A Suffolk resolution for linking the $538 million Ronkonkoma Hub to the Southwest Sewer District has confused some legislators who say the wording makes it appear that Babylon and Islip residents are on the hook for at least part of the hook up at least seven miles away.
Aides to County Executive Steve Bellone conceded the resolution is poorly drafted, but Babylon and Islip sewer district taxpayers will not have to pay any sewer costs for the 1,450- unit transit-related Brookhaven hub.

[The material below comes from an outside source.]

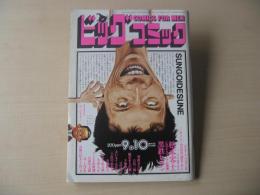 ビッグコミック　昭和59年(1984年)　9月10日　17号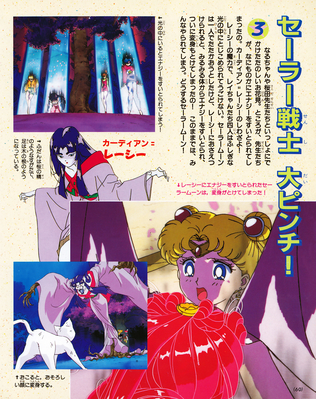 Sailor Moon
ISBN: 4-06-304290-1
September 1993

The resolution calling for a Dec. 20 public hearing states “The annual cost to a typical property within the . . . Sewer District No. 3 Southwest is $11.42 for the project.” The resolution also states a $4 million state grant, $7 million contribution from developer, Tritec Real Estate, as well as their $12 million in connection fees “are expected to lower these costs” for the $26.4 million project.
When Deputy County Executive Peter Scully read the resolution language, he conceded the authors “could have done a better job” to make clear there would be no tax impact.

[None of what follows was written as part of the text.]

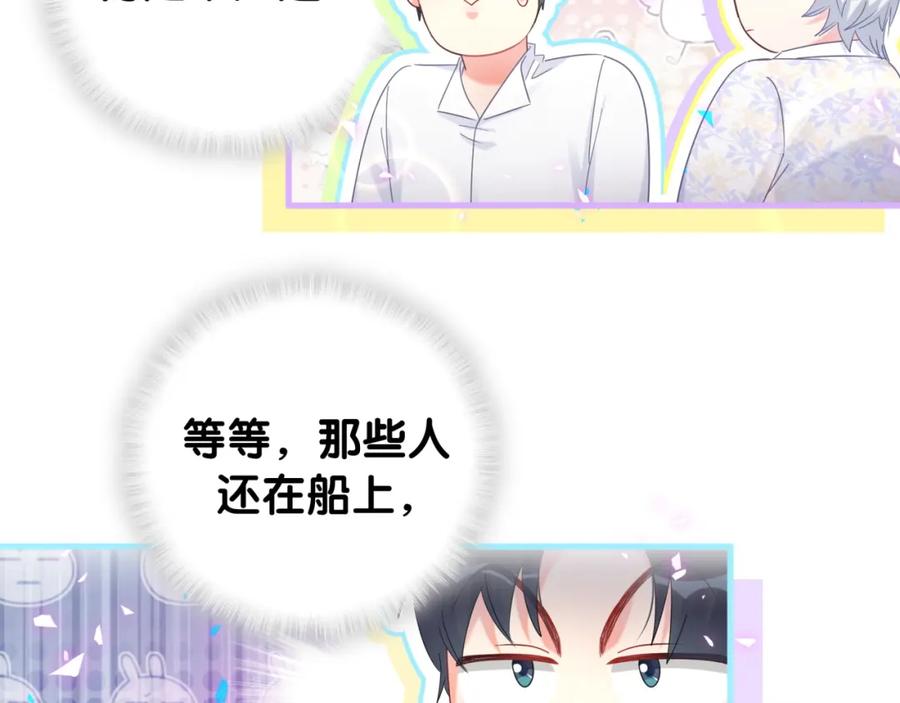 第85话 别人的味道(1/2)-第86话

“What’s key here,” Scully said, “is there is no need for the county to pass costs off to the residents of the district. That would be unacceptable.”

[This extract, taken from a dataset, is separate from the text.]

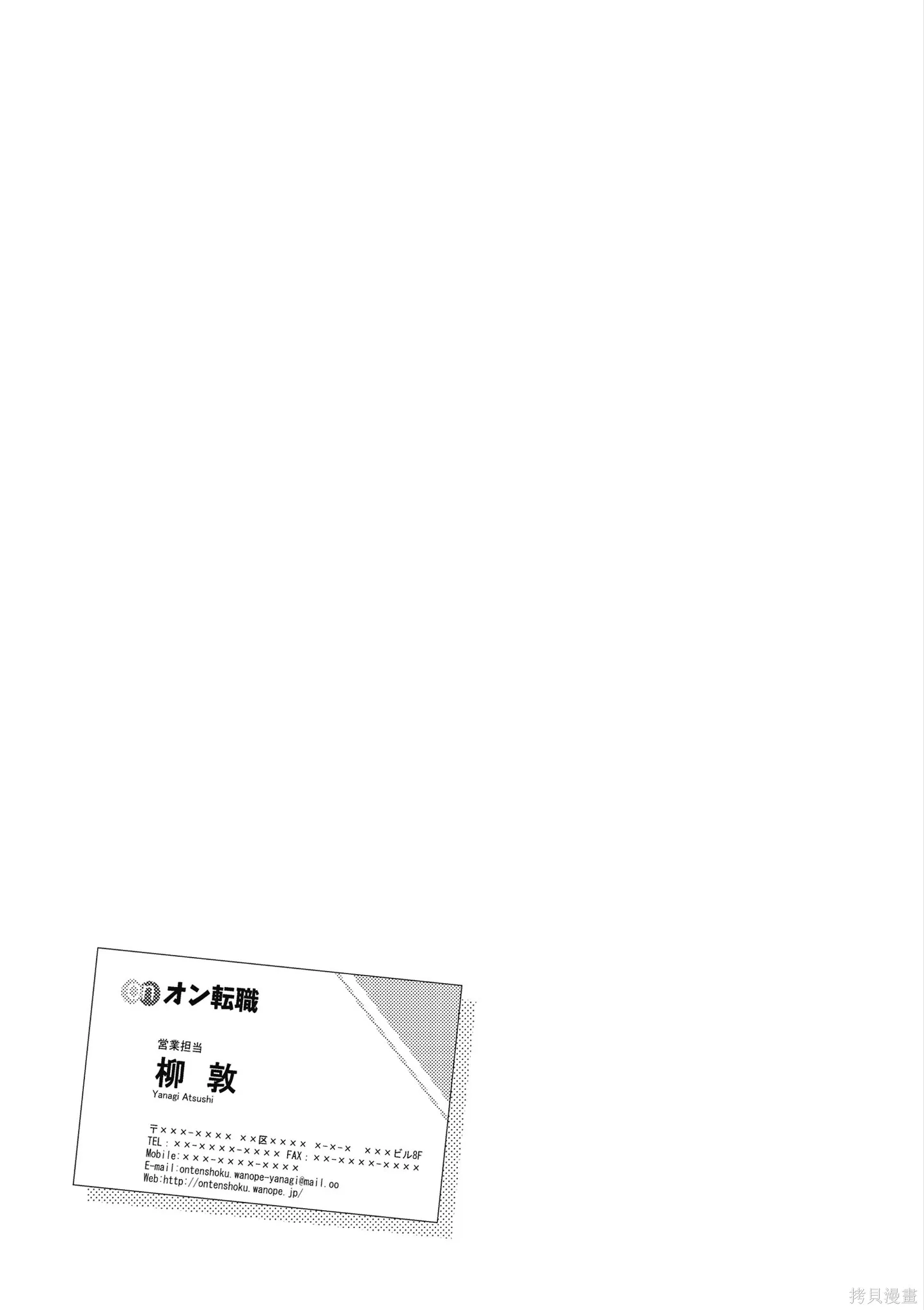 咦，一手包辦公司系統的我被開除了嗎？,第2卷,第81张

Some county lawmakers expressed concern about the language in the measure because it also indicates costs would be lowered, not eliminated. Critics said the confusing language could also spell new legal trouble for the county already facing a sewer-related class-action lawsuit filed on behalf of residents.
“I’m going to be very vigilant about impact on sewer district taxpayers,” said Legis. Kevin McCaffrey, a GOP caucus leader who represents sewer district areas. “We should be paid for taking their effluent and not have to pay to receive it.”
Presiding Officer DuWayne Gregory, who also represents district areas, said he flagged the measure and wants an explanation because he’s “never seen” this kind of language in a sewer resolution before.
He added a vote may be delayed, unless it is spelled out that sewer district residents will pay nothing.
Originally, 400,000 gallons in daily sewage from the hub project was to be handled by an on-site $25 million treatment plant, financed through a newly created sewer district made up of housing units and 575,000 square feet of the planned construction of retail and office space in the next decade.
Public works officials later called for connecting the hub, by contract, to the Southwest Sewer District, the county’s largest sewer plant. Officials said hooking up the hub to the sewer plant would be less costly at between $20 and $22 million. That cost has escalated $4.4 million, higher than cost of a plant on site.
Critics say forcing sewer district residents to pay would set a dangerous precedent and be a violation of state and local laws.
“If this precedent were to hold,” said Paul Sabatino, an attorney and former chief deputy county executive, “it would open the flood gates for really huge projects like Jerry Wolkoff’’s 9,000 unit Heartland Town Square, which would seek similar subsidies.”
Sabatino represents sewer residents in a class-action lawsuit, claiming the county has created an illegal $288 million sewer district surplus and refuses to return the money to taxpayers.
Plans for the hub hook up project also include a second sewer line for the possible creation of a MacArthur Industrial sewer district to handle an additional 1 million gallons of wastewater, Suffolk officials said. That connection could allow Islip’s town airport, nearby industrial areas, as well as possibly the Village of Islandia, to connect to the Southwest Sewer District.
By construction’s end, officials said, it would “not fully recoup the cost of construction . . . but will generate a surplus.”
Robert Coughlan, a Tritec principal, said the firm is donating land for the pump station, and the project is expected to generate $33 million in connection fees for businesses beyond what the hub is paying, generating a net profit of $24 million for the sewer district. Their project, he added, will generate 10,000 construction jobs and full-time employment for 5,000.